As previously mentioned, arrival is at Stockholm-Arlanda (ARN) airport which is roughly around 45 mins to 1hr to the city center via taxi and a steep cost at roughly 80 USD (450-500 SEK) or roughly half that amount for train service, on Arlanda Express.

This is a city where the prices soar easily, so budget conscious travelers may have a harder time stretching their dollars as it relates to just about everything. Nevertheless, there are certainly ways to have a pleasant trip without having to empty your savings. And, if you’ve come fully loaded, you wouldn’t have any trouble stimulating the Swedish economy.

Being a major metropolitan area, finding a place to stay should be fairly easy. Indeed there are several options to choose from. Finding one that’s in your price range, however, may be more the challenge. Radisson Blu on the Strand is a decent choice and is centrally located–a short leisurely walk to Gamla stan (old town) and many other sites. Rooms are on the smaller side and perhaps need a bit of updating. For a very good and less pricey alternative, check out Parlan Hotell on Skeppargatan St which is also centrally located, right off the Strand. See my review here: Review: Parlan Hotell Stockholm

There are tons to do and see in Stockholm. I’d advice mapping out your sightseeing itinerary before delving in full force, so as to ensure you don’t miss points of interest along the way. One of the most popular and not to be missed sites in Stockholm is the Vasa Museum, which features a painstakingly reassembled centuries old shipwreck discovered at the bottom of the Baltic Sea only a handful of decades ago. It’s quite a sight to see and one could easily spend hours there navigating the many sections of the museum setup to retell the story. Travel back in time and relive the history of the doomed ship. If you particularly enjoy museums, you’re in for a treat as many others abound. Another one to put on the list is the Fotografiska museum which features contemporary works from artists the world over. And, Skansen, the open-air museum which houses a very impressive zoo where you can see some of the best collections of Nordic wild animals and those local to Scandinavia is certainly worth checking out, too, on a leisure afternoon. Give yourself enough time to cover the expansive grounds; it’s well worth it.

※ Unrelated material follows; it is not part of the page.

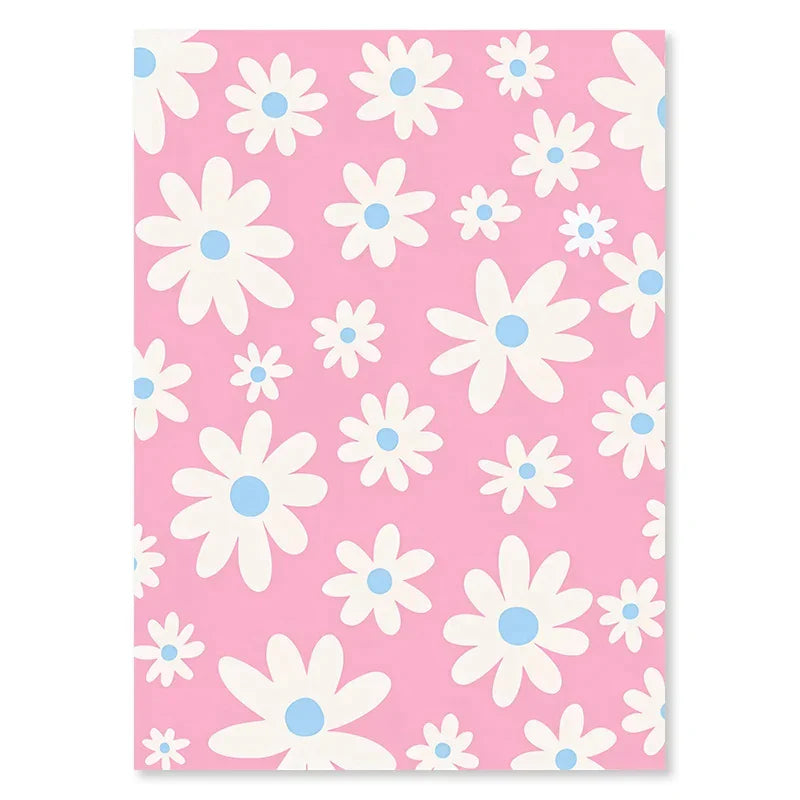 DecorBites™ Pastel Wall Art Poster Print - Abstract Danish Flower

Stockholm comes alive at night. Not that it is in any way sleepy during the day; it just seems to take on an energy that pulsates when the sun goes down. Let’s just say that I was pretty impressed (and I’ve experienced the lot). Start out the evening with scrumptious fare at Restaurateur Mathias Dahlgren’s absolutely delightful Matbaren, nestled inside the Grand Hotel Stockholm. To note, a reservation is necessary, so make sure you try to book ahead. Dubbed the ‘natural cuisine’, Executive Chef Martin Berg whips up cleverly crafted fusion of Scandinavian and pan European specialties with hints of Asian delicacies which are nothing short of mouthwatering. To be sure, it’ll cost you (relatively speaking), so have the AMEX handy. It is however an experience that would be relished for a while to come, so treat yourself. Alternatively, check out Pa & Co on Riddargatan St. where the food is just as tasty in a less formal setting. Move on over to the bar after dinner where Stockholm’s trendy set toss back cocktails and bubbly and cap off the night there. Or, If you’re in the mood for a scene change however, head over to the bar at Lydmar Hotel. The drinks are good, the crowd enthusiastic and the ambiance amiable. The adjoining terrace also offers a great vantage point to people watch. If your appetite’s just getting whet and you’re thirsting for more thump, head on over to nightlife staple, Berns Nightclub. There’s a steep cover (but you’re likely not to care–being on holiday). Make no mistake, this crowd is ready to party and it does get rowdy, so be prepared to join in or go home.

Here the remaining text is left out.